Please help, I have no idea what is talking about.
A square matrix A is called skew-symmetric if A^T= A. Prove that if A is a skew-symmetric n x nmatrix and n is odd, then A is not inveritible.
what if n is even ?
Please help, I have no idea what is talking about.
Hello move123,
First your definition is incorrect. A matrix is skew symmetric if
$\displaystyle A^T=-A$
First we know that a matrix and its transpose have the same determinant. This gives
$\displaystyle \det(A^T)=\det(A)$
Since the determinant function is multi-linear when we factor an number out of an n by n matrix it will have the power n e.g
$\displaystyle \det(cA)=c^n\det(A)$ when A is an n by n matrix.
using this on the first equation gives
$\displaystyle \det(A)=\det(A^T)=\det(-A)=(-1)^n\det(A)$
This gives
$\displaystyle \det(A)-(-1)^n\det(A)=0 \iff [1+(-1)^{n+1}]\det(A)=0$
Now what can we say about the determinant when n is odd?
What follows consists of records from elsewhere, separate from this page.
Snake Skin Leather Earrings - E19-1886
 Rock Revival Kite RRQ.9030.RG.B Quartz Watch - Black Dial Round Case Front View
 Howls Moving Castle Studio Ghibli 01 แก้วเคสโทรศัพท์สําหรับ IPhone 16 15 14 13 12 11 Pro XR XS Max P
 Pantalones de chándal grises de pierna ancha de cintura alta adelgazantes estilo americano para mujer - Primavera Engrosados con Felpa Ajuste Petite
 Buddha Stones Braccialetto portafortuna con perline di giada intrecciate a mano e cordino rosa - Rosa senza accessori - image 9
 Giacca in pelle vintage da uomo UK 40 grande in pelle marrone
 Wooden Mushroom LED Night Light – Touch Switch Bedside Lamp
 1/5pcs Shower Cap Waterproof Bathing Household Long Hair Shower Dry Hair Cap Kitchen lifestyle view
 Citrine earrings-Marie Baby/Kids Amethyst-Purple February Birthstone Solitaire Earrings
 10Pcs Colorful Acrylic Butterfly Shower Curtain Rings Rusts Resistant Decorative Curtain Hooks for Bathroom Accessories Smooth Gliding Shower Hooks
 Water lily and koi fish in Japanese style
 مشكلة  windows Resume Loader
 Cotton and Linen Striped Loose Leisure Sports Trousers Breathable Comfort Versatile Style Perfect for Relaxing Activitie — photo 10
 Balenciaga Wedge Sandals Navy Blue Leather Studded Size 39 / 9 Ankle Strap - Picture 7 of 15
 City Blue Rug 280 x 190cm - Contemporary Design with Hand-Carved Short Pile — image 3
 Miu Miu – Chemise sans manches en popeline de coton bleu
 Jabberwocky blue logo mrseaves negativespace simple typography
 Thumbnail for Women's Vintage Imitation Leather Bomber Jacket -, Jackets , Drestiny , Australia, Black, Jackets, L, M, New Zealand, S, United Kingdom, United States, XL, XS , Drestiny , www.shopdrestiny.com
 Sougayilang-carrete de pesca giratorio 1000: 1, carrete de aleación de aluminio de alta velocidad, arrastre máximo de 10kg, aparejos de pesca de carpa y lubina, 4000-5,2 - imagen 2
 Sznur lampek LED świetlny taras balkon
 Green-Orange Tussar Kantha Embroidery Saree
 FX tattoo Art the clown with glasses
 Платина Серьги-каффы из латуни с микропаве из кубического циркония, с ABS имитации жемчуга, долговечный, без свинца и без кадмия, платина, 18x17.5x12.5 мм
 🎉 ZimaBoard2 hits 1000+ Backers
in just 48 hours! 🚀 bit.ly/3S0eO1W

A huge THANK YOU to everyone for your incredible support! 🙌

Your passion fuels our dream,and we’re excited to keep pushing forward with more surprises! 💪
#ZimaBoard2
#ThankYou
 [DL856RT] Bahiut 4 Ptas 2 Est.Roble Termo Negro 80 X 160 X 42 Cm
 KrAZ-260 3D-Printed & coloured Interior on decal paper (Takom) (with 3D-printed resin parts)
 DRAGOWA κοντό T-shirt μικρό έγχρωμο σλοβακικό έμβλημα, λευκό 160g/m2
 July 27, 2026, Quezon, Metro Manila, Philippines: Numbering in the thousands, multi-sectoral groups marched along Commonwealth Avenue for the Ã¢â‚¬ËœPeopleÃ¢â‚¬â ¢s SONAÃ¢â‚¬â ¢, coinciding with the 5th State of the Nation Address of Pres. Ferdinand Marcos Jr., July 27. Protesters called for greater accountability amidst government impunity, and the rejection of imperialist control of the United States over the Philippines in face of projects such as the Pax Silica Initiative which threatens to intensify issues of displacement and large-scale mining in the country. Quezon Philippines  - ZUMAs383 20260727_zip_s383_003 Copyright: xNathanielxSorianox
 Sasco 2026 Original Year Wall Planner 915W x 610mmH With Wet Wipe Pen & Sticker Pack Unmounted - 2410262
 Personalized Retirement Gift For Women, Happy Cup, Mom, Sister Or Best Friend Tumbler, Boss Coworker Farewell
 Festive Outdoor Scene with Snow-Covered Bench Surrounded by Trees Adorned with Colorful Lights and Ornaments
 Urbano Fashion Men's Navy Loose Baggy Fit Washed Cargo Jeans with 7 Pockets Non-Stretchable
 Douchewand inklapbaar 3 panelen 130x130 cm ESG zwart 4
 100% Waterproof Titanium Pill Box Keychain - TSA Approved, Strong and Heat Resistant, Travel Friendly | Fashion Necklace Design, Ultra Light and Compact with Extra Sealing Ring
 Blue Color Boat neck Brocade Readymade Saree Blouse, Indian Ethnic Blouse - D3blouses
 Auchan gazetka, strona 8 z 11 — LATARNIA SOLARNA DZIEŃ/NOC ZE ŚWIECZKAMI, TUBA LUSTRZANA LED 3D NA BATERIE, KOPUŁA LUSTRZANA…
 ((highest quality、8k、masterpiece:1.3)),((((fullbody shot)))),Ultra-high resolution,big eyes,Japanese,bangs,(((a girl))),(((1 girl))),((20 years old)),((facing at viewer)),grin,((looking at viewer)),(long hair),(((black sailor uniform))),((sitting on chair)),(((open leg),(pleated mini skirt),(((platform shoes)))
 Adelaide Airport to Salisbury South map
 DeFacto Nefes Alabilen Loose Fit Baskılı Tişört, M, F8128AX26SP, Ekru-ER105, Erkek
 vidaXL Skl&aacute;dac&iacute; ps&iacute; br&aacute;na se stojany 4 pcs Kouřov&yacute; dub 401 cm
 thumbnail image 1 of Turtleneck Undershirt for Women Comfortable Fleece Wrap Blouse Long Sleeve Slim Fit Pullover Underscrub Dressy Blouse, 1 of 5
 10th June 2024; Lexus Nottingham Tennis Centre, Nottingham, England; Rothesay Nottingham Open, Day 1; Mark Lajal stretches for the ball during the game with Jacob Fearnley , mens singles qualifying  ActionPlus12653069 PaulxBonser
It can be proved that if $\displaystyle A=(a_{ij})$ is a real skew symmetric matrix of even order then,
$\displaystyle \det (A)=(p_n(A))^n$
where $\displaystyle p_n(A)$ is a polynomial of degree $\displaystyle n/2$ in the indeterminates $\displaystyle a_{ij}$ . Besides, $\displaystyle p_n(A)$ is determined up to a factor $\displaystyle \pm1$.
For example:
$\displaystyle A=\begin{bmatrix} \;\;0 &a\\-a & 0 \end{bmatrix}$
Then, $\displaystyle \det (A)=a^2$ where $\displaystyle p_n(a)=a$ or $\displaystyle p_n(a)=-a$ .